* Task objective:
The result should be a word-for-word retyping of the entries below, free of pictures.

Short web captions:

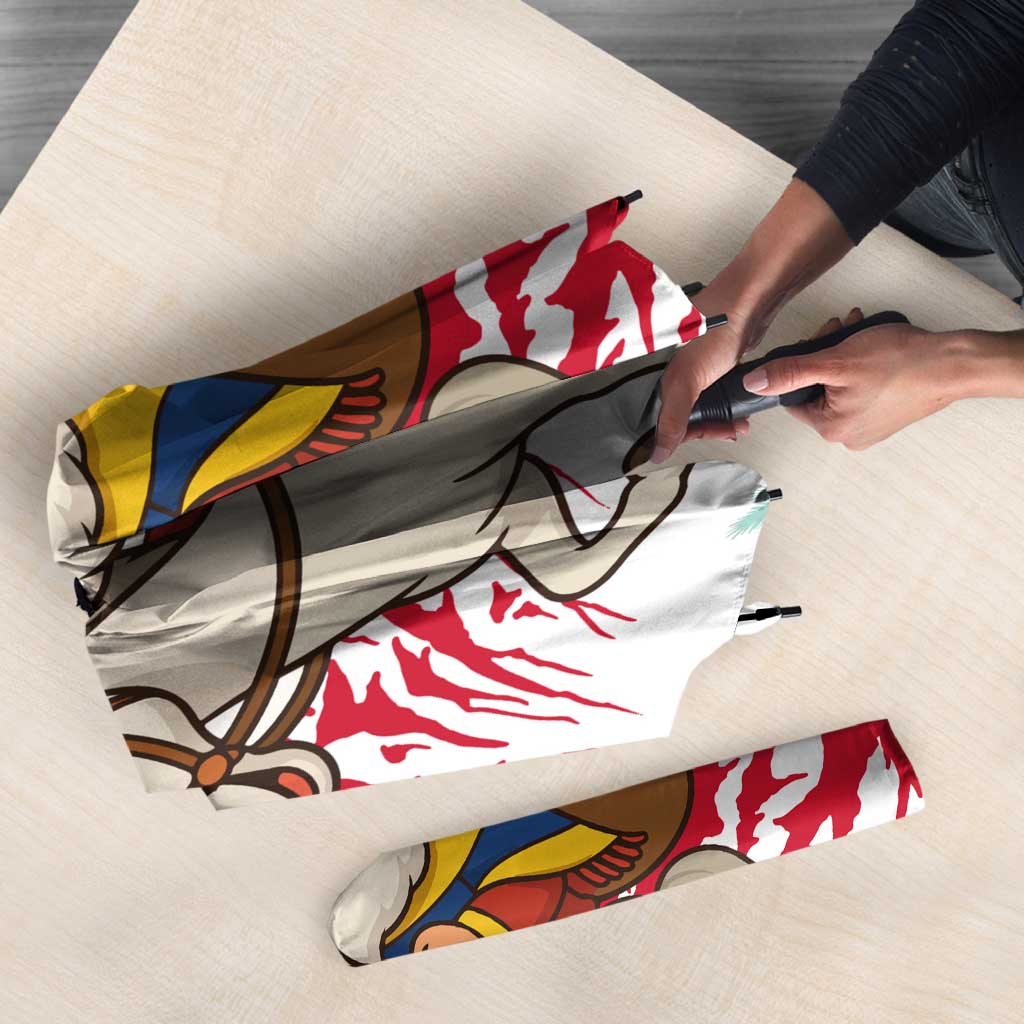 Venezuela Christmas Umbrella with Santa on Horse Traditional Outfit Snowflakes and Yellow Plaid - Wonder Print Shop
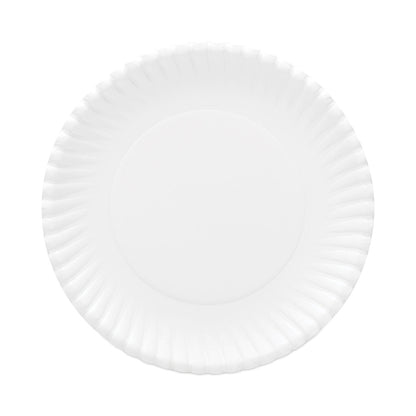 AJM Packaging Corporation Gold Label Coated Paper Plates, 9" dia, White, 120/Pack, 8 Packs/Carton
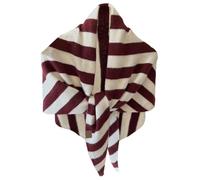 KMGDM - Chal de gran tamaño para mujer, diseño angular, ligero, multifuncional, práctica, bufanda de invierno para mujer, Rojo Vino Rayas, talla nica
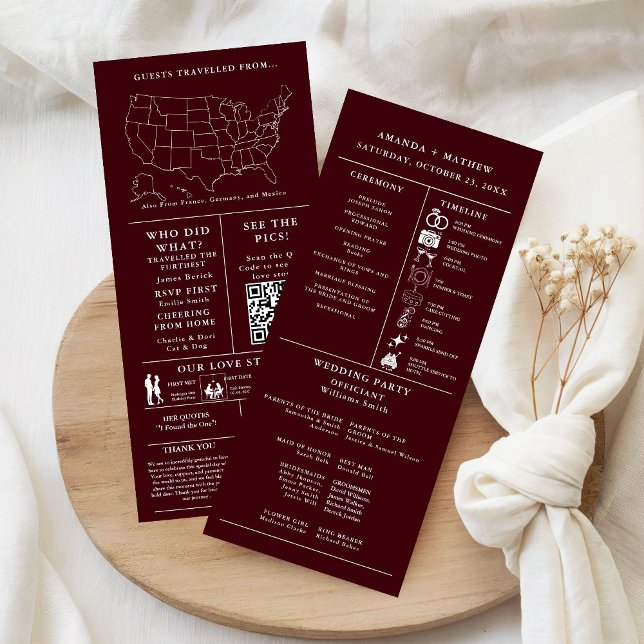 Burgundy Minimalist Wedding Infographic Program (Subido por el creador)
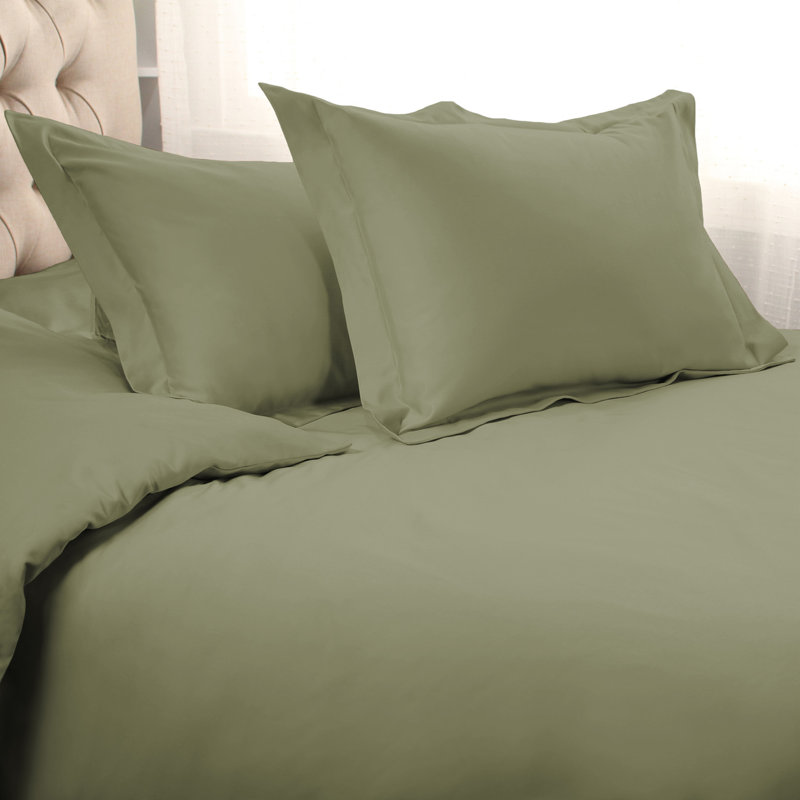 Arling Certified Egyptian Cotton Modern Solid 3 Piece Duvet Cover Set, Ivory, King/California King Duvet Cover + 2 King Shams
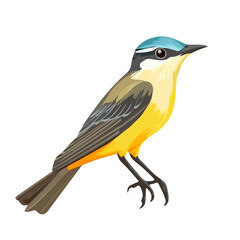 Kingbird, vector graphic, 2D flat isometric cartoon illustration on white background.
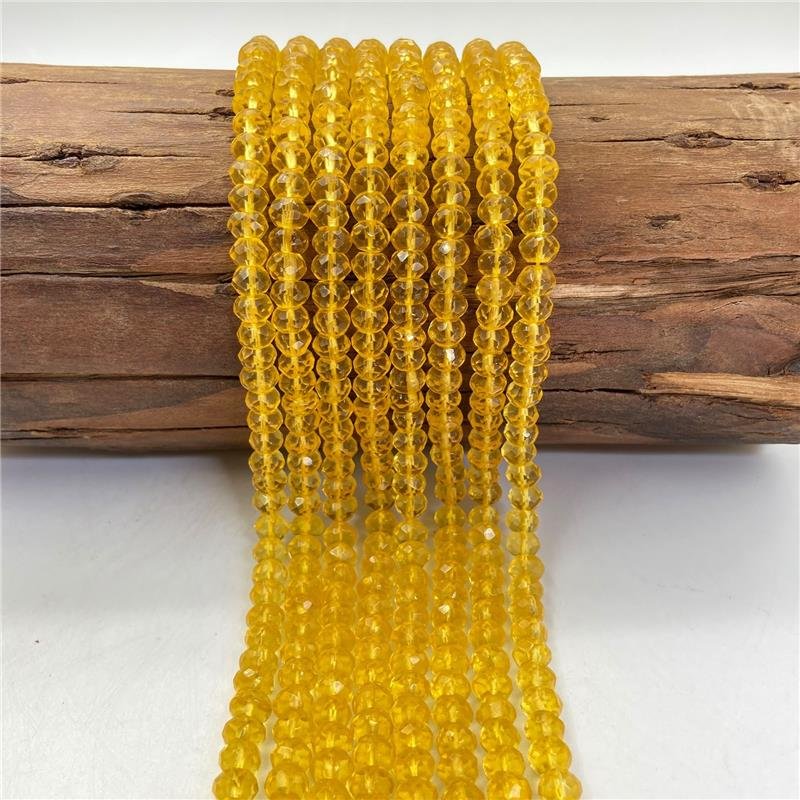 FIO DE CRISTAL AMARELO RONDEL FACETADA 5X8MM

* Task result:
 Venezuela Christmas Umbrella with Santa on Horse Traditional Outfit Snowflakes and Yellow Plaid - Wonder Print Shop
 AJM Packaging Corporation Gold Label Coated Paper Plates, 9" dia, White, 120/Pack, 8 Packs/Carton
 KMGDM - Chal de gran tamaño para mujer, diseño angular, ligero, multifuncional, práctica, bufanda de invierno para mujer, Rojo Vino Rayas, talla nica
 Burgundy Minimalist Wedding Infographic Program (Subido por el creador)
 Arling Certified Egyptian Cotton Modern Solid 3 Piece Duvet Cover Set, Ivory, King/California King Duvet Cover + 2 King Shams
 Kingbird, vector graphic, 2D flat isometric cartoon illustration on white background.
 FIO DE CRISTAL AMARELO RONDEL FACETADA 5X8MM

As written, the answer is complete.